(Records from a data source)
★ ★ ★ ★

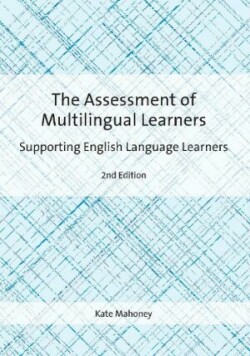 Assessment of Multilingual Learners Supporting English Language Learners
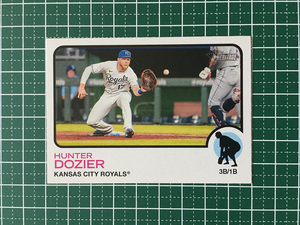 ★TOPPS MLB 2022 HERITAGE #305 HUNTER DOZIER［KANSAS CITY ROYALS］ベースカード「BASE」★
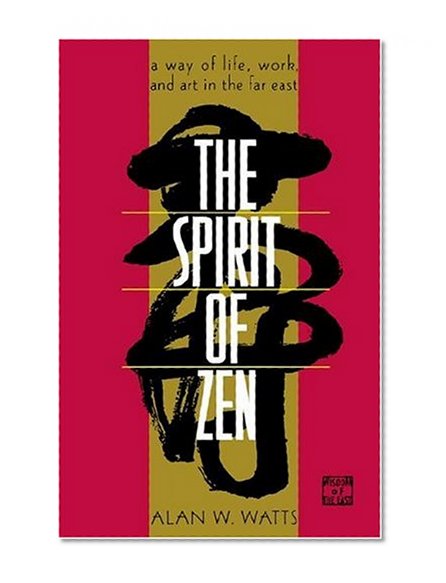 The Spirit of Zen: A Way of Life, Work, and Art in the Far East (Wisdom of the East)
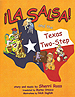 La Salsa and the Texas Two Step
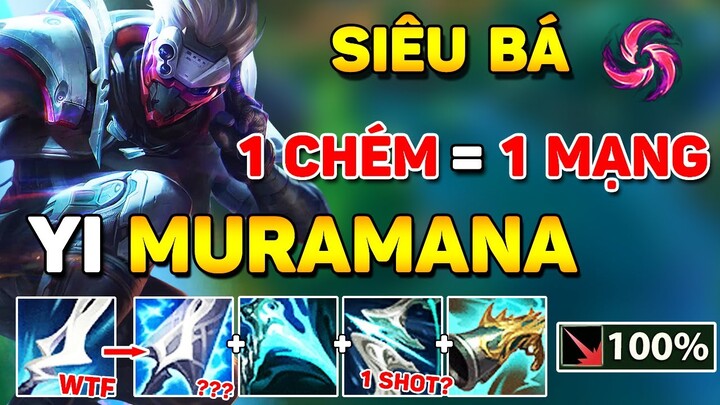 MẠNH KHỦNG KHIẾP VỚI BUILD MASTER YI THẦN KIẾM MURAMANA + FULL CHÍ MẠNG | 1 CHÉM BAY MÀU LÀ ĐÂY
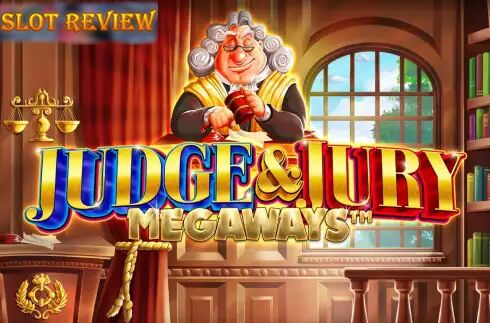 Judge and Jury Megaways Slot Review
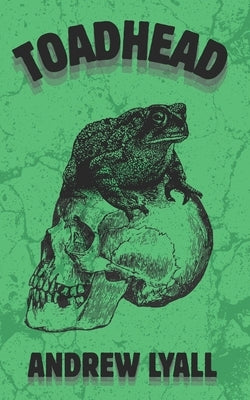Toadhead: a horror story by Lyall, Andrew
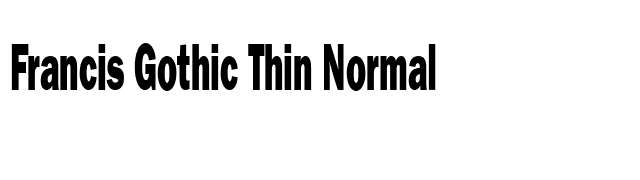 Francis Gothic Thin Normal font preview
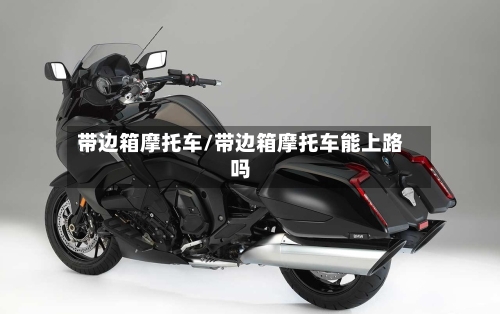 带边箱摩托车/带边箱摩托车能上路吗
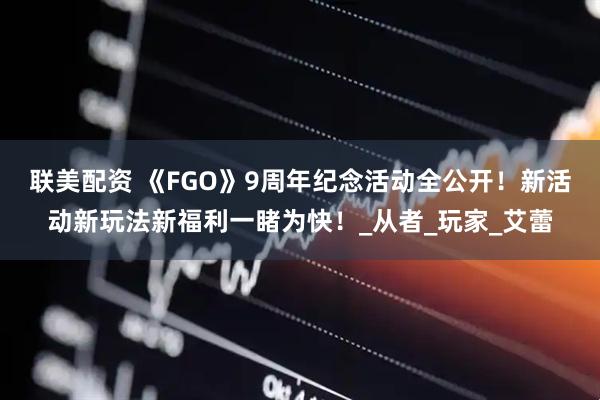 联美配资 《FGO》9周年纪念活动全公开！新活动新玩法新福利一睹为快！_从者_玩家_艾蕾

★ ★ ★ ★

▶ ASSIGNMENT:
Every line from the one holding "带边箱摩托车/带边箱摩托车能上路吗" through the last line of the entries above, and nothing else, is to be restated word for word. Pictures stay out.

▶ ANSWER BELOW:
 带边箱摩托车/带边箱摩托车能上路吗
 联美配资 《FGO》9周年纪念活动全公开！新活动新玩法新福利一睹为快！_从者_玩家_艾蕾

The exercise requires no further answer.